Notice, storage. That is a big deal because you can save a significant amount of information in storage. Objections may arise because storage is notoriously expensive on Ethereum, but that is the point of state channels — storing the state off-chain and only using the blockchain for transactions that are required for a “final” reconciliation of a balance or storage.For example, imagine constructing a game using state channels — like pong or tic-tac-toe. There may be an exchange of value at some point, but ultimately, those games boil down to updating a state between two parties.
Now onwards to generalized state channels, where things really start to get interesting. Let’s say you are trying to decentralize the sharing economy, like Uber or AirBnB, and you would want your users to be able to pay in Ether or a mix of available ERC20 tokens. Would you really want to have a host of different contracts that would initialize a new state channel for every different use case? Imagine you could pay in 20 different tokens — that’s 20 different sets of contracts to deploy a state channel. Expensive, and a nightmare to maintain the front end. Hence, this is part of the reason why the concept of generalized state channels has arisen in which a framework is maintained in a single set of contracts that can deploy multiple state channels desired. When a state channel is opened, funds are held in escrow in this system, while the homogenized structure accommodates the functionality required by all possible state channels within its realm of awareness.
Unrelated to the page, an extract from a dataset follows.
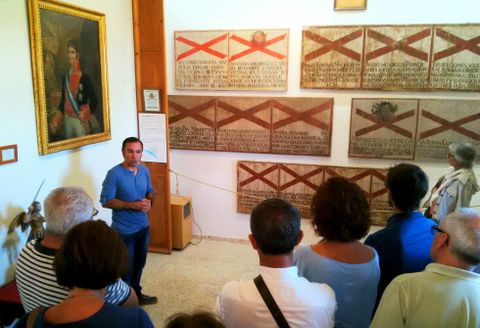 El historiador Suso Vila es un gran conocedor de estas piezas únicas del Santo Oficio.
Anyway, let’s dive into it. To summarize the major components of generalized state channels, there are four major processes that must be handled:
- Opening a Generalized State Channel
- Sub-Channels & Off-Chain Interaction Between State Channel Parties
- Closing a Generalized State Channel
- Handling Disputes
To begin, let’s think about agreements for a minute. Ultimately, what should happen to facilitate the most efficient and least risky agreement is:
- Individual A and Individual B need to trust each other in an agreement.
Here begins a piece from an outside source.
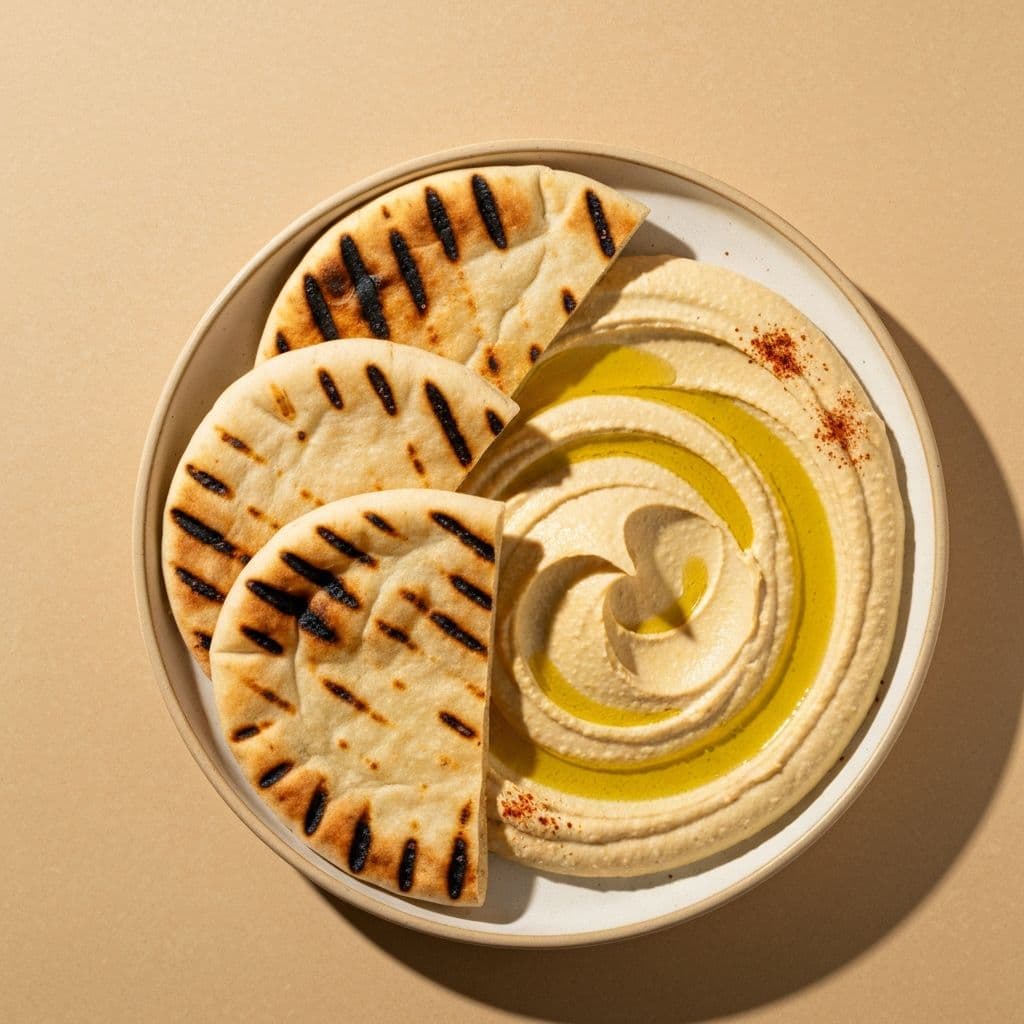 Classic Hummus & Pita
- Individual A and Individual B need to have conditions in place should something go awry.
Trust begets efficiency, because reliance on third parties and fall-backs is eliminated or lessened — the shortest distance between two parties is a straight line, right? However, trust is risky, and if someone is dishonest and things goes wrong, trust becomes extremely risky. Should one party take advantage of another, with no rules or fall-backs in place, then the other is left fending for themselves. More importantly, irrespective of consensus on rules and regulations, if there is nothing or no one to enforce these ideas, then the codification of rules becomes a list of suggestions, rather than a set of rules and consequences. Accordingly, there needs to be conditions to validate faulty transactions and the ability to enforce them.
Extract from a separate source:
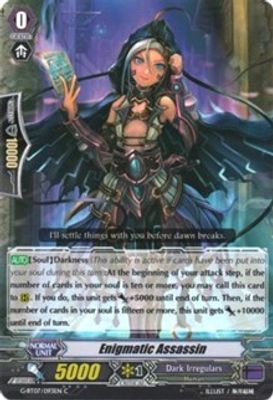 Enigmatic Assassin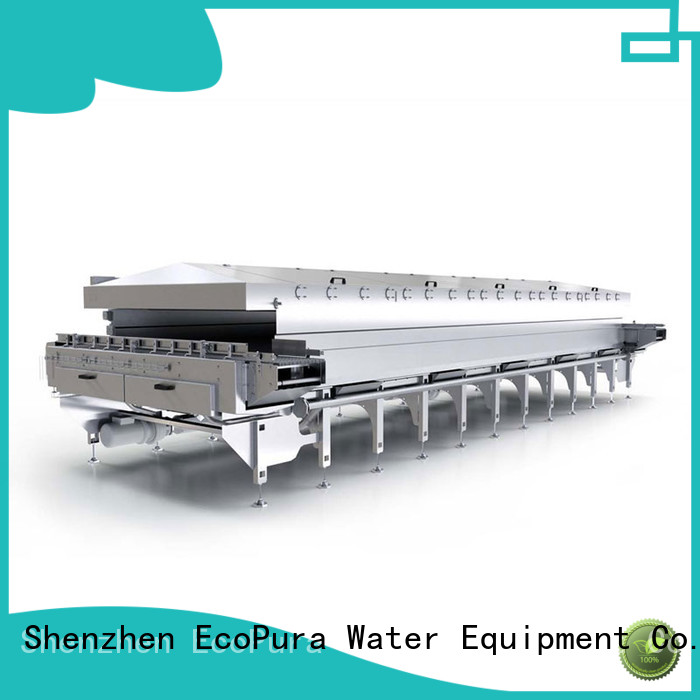 EcoPura hot sale beverage processing machine looking for buyer for retailer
In the example above, there is nothing that necessitates a smart contract exists, at least in the traditional sense, because there is a far simpler way to signal agreement to conditions with another party through the use of digital signatures. Think about even analog contracts — the validity of a contract is not determined by its existence but by the agreement of two parties to it, mostly commonly through personal signatures.
How Are Messages or Information “Signed” Off-Chain?
If you are already familiar with this process, you can skip ahead to the next section: How Do Two Parties Agree to a State?
web3.eth.sign(address, dataToSign, [, callback]). To begin, the
address argument is the address with which we would like to sign the data. This address must be unlocked for the message to be signed, which may prompt you to ask, why must the account be unlocked if we are not sending anything to blockchain? The signing of this data requires the use of an account’s private key — should this not be required, then anyone may be able to sign one another’s data through the use of solely a public key, and these digital signatures would be rendered useless. Now,
dataToSign is slightly more involved. It is the
keccak256() hash of all the data inputs that the user would like to sign as well as the prefix
“\x19Ethereum Signed Message:\n32”, in which 32 is the number of bytes in the hash.
Why do we sign the hash of the data? Recall that the main point of signing data is so that a signature can be verified. This verification is performed using the
ecrecover() function in which the address of the signer is derived from the hash of the signed data as well as other units v, r, and s:
ecrecover(bytes32 hash, uint8 v, bytes32 r, bytes32 s) returns (address)
What are v, r, and s? You may have also seen these outputs using
eth.getTransactionByHash() as signatures are required of normal on-chain transactions as well. In this case, after using
web3.eth.sign() to sign a transaction, the returned data is a string of the signed data. This signed data is a result of using the Elliptic Curve Digital Signature Algorithm (ECDSA) to complete the signature, where after the “0x” hex prefix:
r = signature[0:64]
s = signature[64:128]
v = signature[128:130]
Note the following instruction included in the Web3 documentation: “ …if you are using
v will be either
"01". As a result, in order to use this value, you will have to parse it to an integer and then add
27. This will result in either a
27 or a
This means after signing data using
web3.eth.sign(), we can use the results in a smart contract to verify that a certain address has signed the data using
ecrecover(). In this way, we can validate whether an address has signed a piece of data or not on-chain as part of transaction execution requirements. OpenZeppelin provides a great library for this activity via ECRecovery.sol.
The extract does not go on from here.